> [Exercise] Only the lines of the data below from the one with "Thumbnail: 2015 Lexus IS - 20" through the one with "6 vagasSala 1" are wanted. Repeat them exactly.

> [Extracted entries]
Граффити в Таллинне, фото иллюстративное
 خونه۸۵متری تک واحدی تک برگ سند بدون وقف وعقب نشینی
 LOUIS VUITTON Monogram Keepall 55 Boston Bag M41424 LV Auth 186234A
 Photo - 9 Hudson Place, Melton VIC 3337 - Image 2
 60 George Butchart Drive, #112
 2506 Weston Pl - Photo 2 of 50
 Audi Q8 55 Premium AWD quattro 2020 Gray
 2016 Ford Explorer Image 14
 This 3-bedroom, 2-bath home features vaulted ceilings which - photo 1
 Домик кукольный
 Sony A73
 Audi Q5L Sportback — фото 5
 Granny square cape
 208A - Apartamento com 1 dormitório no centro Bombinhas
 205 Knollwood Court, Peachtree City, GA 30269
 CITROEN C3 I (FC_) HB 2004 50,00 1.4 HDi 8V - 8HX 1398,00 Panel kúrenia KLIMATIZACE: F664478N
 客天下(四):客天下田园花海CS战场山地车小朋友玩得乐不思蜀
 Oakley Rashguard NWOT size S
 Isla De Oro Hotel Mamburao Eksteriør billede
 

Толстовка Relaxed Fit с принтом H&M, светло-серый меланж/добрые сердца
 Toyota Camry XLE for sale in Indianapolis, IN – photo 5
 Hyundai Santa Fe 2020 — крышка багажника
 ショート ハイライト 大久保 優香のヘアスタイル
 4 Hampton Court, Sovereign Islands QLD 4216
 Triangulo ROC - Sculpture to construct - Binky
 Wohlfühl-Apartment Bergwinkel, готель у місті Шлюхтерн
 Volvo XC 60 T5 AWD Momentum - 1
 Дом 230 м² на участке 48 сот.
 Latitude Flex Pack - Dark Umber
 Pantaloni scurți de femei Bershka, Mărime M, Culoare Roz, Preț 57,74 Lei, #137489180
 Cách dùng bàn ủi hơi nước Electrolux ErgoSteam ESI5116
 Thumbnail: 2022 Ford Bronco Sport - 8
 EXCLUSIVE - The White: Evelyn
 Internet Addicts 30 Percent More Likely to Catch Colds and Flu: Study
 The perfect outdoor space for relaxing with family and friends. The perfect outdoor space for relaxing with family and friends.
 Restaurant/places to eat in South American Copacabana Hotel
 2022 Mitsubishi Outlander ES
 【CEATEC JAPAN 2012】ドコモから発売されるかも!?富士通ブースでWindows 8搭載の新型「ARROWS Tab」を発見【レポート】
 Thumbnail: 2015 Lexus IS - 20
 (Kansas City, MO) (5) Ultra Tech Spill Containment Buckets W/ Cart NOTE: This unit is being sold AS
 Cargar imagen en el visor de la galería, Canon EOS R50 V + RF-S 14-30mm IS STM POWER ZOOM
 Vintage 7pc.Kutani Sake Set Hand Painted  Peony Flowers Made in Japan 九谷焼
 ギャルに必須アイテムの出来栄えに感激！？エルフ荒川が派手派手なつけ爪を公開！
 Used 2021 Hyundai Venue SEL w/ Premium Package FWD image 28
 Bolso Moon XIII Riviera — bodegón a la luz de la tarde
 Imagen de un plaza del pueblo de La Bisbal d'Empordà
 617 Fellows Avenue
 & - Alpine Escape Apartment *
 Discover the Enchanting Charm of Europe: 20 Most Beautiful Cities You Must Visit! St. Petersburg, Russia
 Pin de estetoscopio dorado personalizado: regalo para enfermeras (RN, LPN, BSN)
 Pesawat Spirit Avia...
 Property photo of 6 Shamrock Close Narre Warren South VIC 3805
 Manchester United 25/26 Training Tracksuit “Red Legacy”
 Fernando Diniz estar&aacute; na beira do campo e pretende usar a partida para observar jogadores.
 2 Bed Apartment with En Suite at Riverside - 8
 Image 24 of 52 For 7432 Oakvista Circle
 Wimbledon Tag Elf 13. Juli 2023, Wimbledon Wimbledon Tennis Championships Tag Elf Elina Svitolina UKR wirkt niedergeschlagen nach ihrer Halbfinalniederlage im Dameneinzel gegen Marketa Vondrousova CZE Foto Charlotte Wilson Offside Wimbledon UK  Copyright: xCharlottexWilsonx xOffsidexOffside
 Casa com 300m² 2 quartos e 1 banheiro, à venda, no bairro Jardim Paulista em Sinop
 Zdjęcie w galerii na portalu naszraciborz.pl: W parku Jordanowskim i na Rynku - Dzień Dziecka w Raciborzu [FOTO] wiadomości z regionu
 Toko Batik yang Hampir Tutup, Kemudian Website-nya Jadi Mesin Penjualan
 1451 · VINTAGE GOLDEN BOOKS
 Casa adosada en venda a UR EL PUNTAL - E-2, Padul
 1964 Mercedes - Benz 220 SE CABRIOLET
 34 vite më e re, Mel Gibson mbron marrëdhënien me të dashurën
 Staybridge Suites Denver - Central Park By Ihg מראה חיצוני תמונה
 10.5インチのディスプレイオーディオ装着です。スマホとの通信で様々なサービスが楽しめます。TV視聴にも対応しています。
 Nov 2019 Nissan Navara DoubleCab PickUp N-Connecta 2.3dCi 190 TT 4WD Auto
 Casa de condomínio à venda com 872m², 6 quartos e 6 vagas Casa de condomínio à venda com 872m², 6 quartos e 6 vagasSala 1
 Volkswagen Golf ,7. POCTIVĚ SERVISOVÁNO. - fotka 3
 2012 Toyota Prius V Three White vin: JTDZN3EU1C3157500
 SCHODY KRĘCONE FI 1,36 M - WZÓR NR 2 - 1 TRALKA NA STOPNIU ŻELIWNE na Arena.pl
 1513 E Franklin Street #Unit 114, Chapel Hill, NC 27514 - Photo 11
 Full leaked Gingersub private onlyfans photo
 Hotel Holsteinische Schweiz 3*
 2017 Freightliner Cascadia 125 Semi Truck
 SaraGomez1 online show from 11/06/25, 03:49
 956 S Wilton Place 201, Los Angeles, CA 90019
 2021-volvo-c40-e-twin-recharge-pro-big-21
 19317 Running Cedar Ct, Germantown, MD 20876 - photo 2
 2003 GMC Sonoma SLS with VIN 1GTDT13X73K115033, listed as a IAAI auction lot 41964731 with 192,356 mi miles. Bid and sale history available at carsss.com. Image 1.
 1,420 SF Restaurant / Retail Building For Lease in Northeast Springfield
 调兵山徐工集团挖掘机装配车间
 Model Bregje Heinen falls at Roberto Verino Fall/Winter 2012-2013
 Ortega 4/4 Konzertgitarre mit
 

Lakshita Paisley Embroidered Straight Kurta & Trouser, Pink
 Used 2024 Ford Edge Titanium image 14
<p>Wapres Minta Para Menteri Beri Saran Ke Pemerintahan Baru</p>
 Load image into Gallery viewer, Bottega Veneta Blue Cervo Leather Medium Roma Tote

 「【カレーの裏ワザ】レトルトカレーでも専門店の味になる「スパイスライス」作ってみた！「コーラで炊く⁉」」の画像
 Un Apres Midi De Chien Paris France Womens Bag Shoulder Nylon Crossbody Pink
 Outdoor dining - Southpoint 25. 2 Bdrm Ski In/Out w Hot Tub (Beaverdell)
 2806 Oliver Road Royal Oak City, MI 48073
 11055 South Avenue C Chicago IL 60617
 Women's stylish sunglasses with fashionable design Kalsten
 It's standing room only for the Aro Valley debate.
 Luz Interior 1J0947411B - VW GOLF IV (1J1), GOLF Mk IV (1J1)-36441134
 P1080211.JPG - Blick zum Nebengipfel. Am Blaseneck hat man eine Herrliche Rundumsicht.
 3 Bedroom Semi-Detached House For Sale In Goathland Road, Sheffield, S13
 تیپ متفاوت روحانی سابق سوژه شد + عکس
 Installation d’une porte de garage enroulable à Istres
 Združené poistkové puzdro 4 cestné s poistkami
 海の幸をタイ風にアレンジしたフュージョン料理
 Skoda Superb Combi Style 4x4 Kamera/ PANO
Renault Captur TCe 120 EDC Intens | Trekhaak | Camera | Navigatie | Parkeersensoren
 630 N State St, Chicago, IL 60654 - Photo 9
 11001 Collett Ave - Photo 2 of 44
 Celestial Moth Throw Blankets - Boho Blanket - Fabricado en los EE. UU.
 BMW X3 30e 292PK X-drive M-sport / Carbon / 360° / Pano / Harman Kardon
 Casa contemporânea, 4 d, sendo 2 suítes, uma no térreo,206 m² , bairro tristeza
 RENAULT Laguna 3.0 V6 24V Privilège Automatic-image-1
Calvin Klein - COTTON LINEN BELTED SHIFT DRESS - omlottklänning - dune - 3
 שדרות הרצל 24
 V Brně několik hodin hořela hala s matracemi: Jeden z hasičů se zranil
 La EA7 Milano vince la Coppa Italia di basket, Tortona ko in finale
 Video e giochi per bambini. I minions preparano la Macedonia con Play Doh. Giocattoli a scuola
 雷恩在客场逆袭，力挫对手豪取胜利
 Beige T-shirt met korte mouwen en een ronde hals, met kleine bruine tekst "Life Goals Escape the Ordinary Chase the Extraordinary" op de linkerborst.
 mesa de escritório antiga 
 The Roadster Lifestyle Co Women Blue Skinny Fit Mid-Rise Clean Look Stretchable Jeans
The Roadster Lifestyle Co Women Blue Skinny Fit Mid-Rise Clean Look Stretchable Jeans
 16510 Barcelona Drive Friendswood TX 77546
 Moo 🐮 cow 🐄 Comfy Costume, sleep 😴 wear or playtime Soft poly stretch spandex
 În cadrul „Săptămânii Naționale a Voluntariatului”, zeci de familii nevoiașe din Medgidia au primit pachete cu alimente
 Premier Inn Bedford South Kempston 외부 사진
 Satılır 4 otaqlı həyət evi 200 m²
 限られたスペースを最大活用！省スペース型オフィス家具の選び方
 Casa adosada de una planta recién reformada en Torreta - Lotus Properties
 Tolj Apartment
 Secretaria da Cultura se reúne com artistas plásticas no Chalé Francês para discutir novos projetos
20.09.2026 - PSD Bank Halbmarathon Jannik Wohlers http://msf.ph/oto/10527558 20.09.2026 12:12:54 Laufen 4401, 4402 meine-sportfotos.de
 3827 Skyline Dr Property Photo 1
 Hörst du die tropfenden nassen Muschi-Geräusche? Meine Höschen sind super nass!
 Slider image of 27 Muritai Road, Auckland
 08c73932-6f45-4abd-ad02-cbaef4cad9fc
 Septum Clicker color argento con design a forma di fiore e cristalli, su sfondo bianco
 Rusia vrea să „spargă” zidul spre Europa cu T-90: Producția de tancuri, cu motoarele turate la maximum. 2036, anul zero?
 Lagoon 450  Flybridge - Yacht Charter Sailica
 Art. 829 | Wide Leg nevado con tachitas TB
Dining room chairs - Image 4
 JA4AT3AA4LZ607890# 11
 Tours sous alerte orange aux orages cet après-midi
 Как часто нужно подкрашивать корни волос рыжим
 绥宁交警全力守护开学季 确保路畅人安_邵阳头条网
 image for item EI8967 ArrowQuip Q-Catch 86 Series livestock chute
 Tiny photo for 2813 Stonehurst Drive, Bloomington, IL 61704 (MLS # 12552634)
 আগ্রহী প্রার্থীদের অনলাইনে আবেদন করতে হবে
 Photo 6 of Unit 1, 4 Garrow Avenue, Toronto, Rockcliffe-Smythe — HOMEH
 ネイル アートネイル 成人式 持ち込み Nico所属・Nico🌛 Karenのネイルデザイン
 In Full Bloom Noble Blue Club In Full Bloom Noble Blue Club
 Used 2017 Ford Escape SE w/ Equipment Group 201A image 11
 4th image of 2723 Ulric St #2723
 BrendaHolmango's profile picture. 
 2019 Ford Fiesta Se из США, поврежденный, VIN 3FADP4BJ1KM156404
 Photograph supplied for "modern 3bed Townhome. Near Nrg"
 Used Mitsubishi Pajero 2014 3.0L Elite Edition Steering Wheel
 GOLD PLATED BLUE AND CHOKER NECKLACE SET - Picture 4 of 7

> [Solution to the exercise]
 Thumbnail: 2015 Lexus IS - 20
 (Kansas City, MO) (5) Ultra Tech Spill Containment Buckets W/ Cart NOTE: This unit is being sold AS
 Cargar imagen en el visor de la galería, Canon EOS R50 V + RF-S 14-30mm IS STM POWER ZOOM
 Vintage 7pc.Kutani Sake Set Hand Painted  Peony Flowers Made in Japan 九谷焼
 ギャルに必須アイテムの出来栄えに感激！？エルフ荒川が派手派手なつけ爪を公開！
 Used 2021 Hyundai Venue SEL w/ Premium Package FWD image 28
 Bolso Moon XIII Riviera — bodegón a la luz de la tarde
 Imagen de un plaza del pueblo de La Bisbal d'Empordà
 617 Fellows Avenue
 & - Alpine Escape Apartment *
 Discover the Enchanting Charm of Europe: 20 Most Beautiful Cities You Must Visit! St. Petersburg, Russia
 Pin de estetoscopio dorado personalizado: regalo para enfermeras (RN, LPN, BSN)
 Pesawat Spirit Avia...
 Property photo of 6 Shamrock Close Narre Warren South VIC 3805
 Manchester United 25/26 Training Tracksuit “Red Legacy”
 Fernando Diniz estar&aacute; na beira do campo e pretende usar a partida para observar jogadores.
 2 Bed Apartment with En Suite at Riverside - 8
 Image 24 of 52 For 7432 Oakvista Circle
 Wimbledon Tag Elf 13. Juli 2023, Wimbledon Wimbledon Tennis Championships Tag Elf Elina Svitolina UKR wirkt niedergeschlagen nach ihrer Halbfinalniederlage im Dameneinzel gegen Marketa Vondrousova CZE Foto Charlotte Wilson Offside Wimbledon UK  Copyright: xCharlottexWilsonx xOffsidexOffside
 Casa com 300m² 2 quartos e 1 banheiro, à venda, no bairro Jardim Paulista em Sinop
 Zdjęcie w galerii na portalu naszraciborz.pl: W parku Jordanowskim i na Rynku - Dzień Dziecka w Raciborzu [FOTO] wiadomości z regionu
 Toko Batik yang Hampir Tutup, Kemudian Website-nya Jadi Mesin Penjualan
 1451 · VINTAGE GOLDEN BOOKS
 Casa adosada en venda a UR EL PUNTAL - E-2, Padul
 1964 Mercedes - Benz 220 SE CABRIOLET
 34 vite më e re, Mel Gibson mbron marrëdhënien me të dashurën
 Staybridge Suites Denver - Central Park By Ihg מראה חיצוני תמונה
 10.5インチのディスプレイオーディオ装着です。スマホとの通信で様々なサービスが楽しめます。TV視聴にも対応しています。
 Nov 2019 Nissan Navara DoubleCab PickUp N-Connecta 2.3dCi 190 TT 4WD Auto
 Casa de condomínio à venda com 872m², 6 quartos e 6 vagas Casa de condomínio à venda com 872m², 6 quartos e 6 vagasSala 1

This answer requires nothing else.